EXERCISE BRIEF> Copy the closing run of lines, from the one with "Vintage Burgundy Purple" through the last line of the listing, exactly and without any pictures.

----- GIVEN DATA

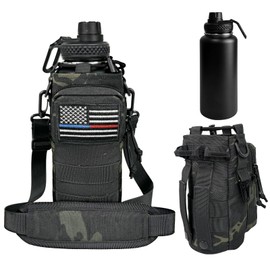 AIKOTOO 32 oz Insulated Water Bottle Stainless Steel with Sleeve - Military Metal Water Jug, For Gym Workout Hiking, Camo Black Water Bottle Pouch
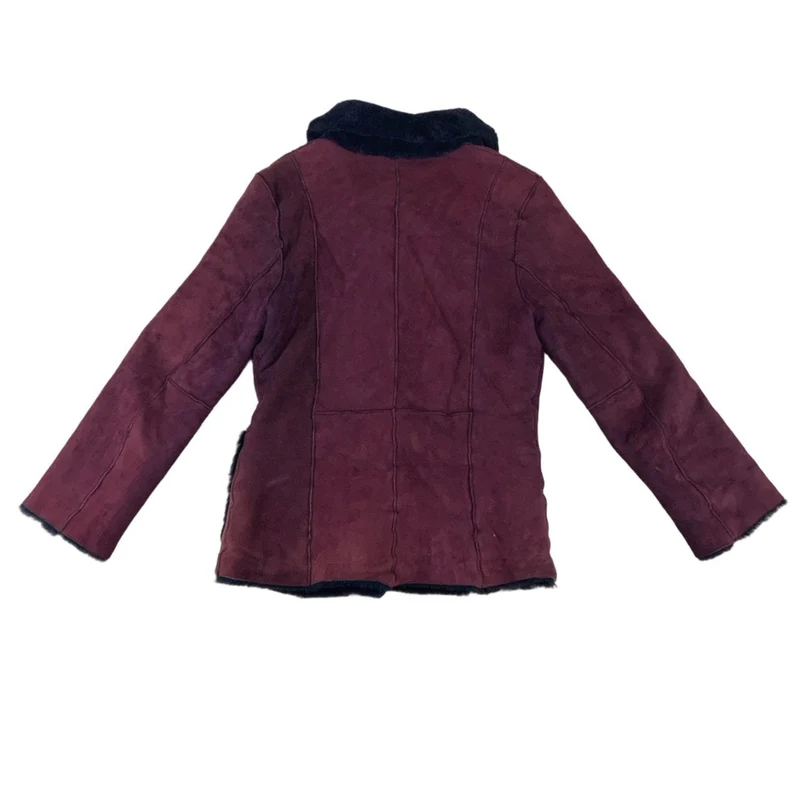 Vintage Burgundy Purple Shearling Jacket Sheepskin Suede Coat S 8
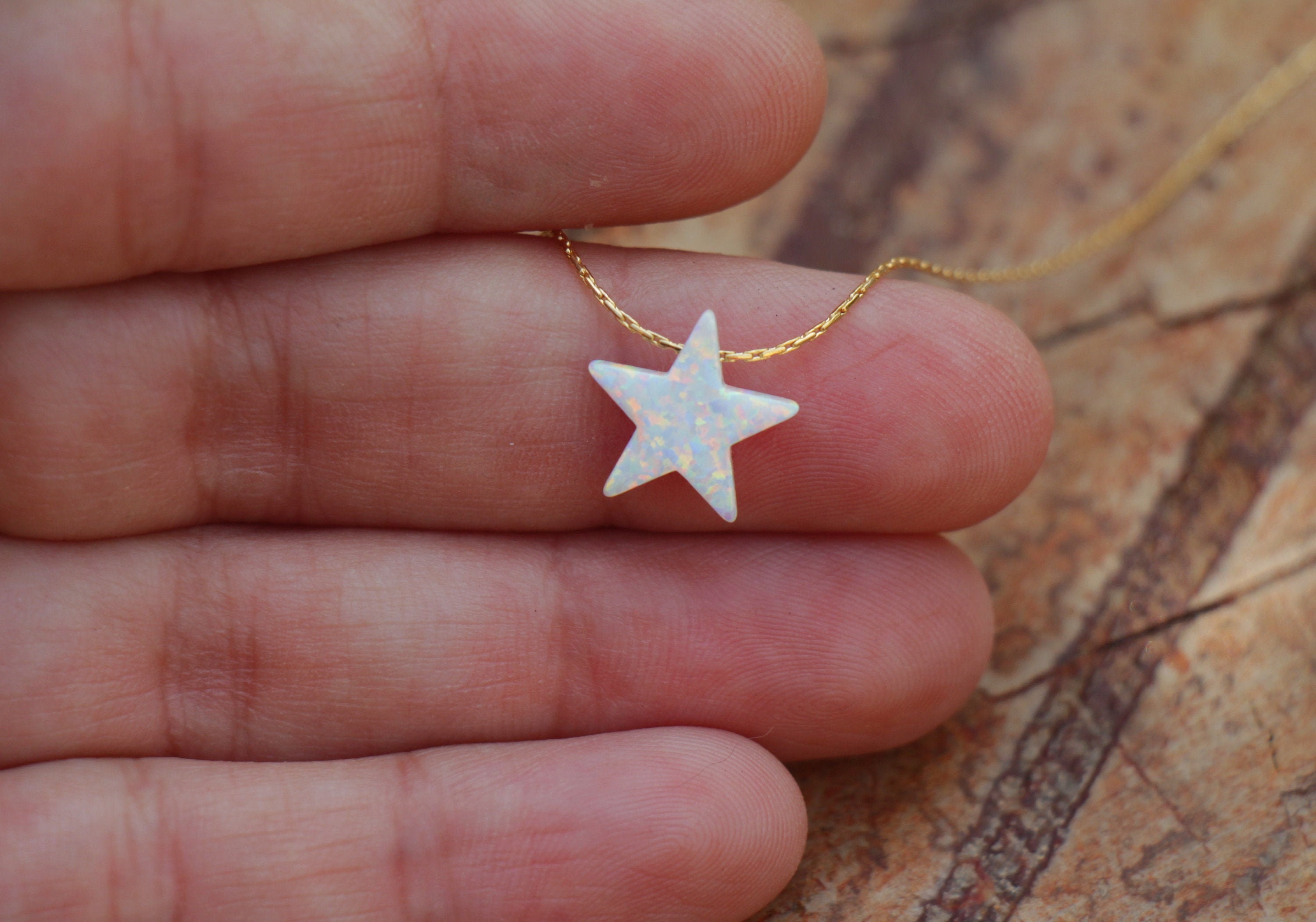Opal Necklace Opal Jewelry White Star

----------

TASK SOLUTION>
 Vintage Burgundy Purple Shearling Jacket Sheepskin Suede Coat S 8
Opal Necklace Opal Jewelry White Star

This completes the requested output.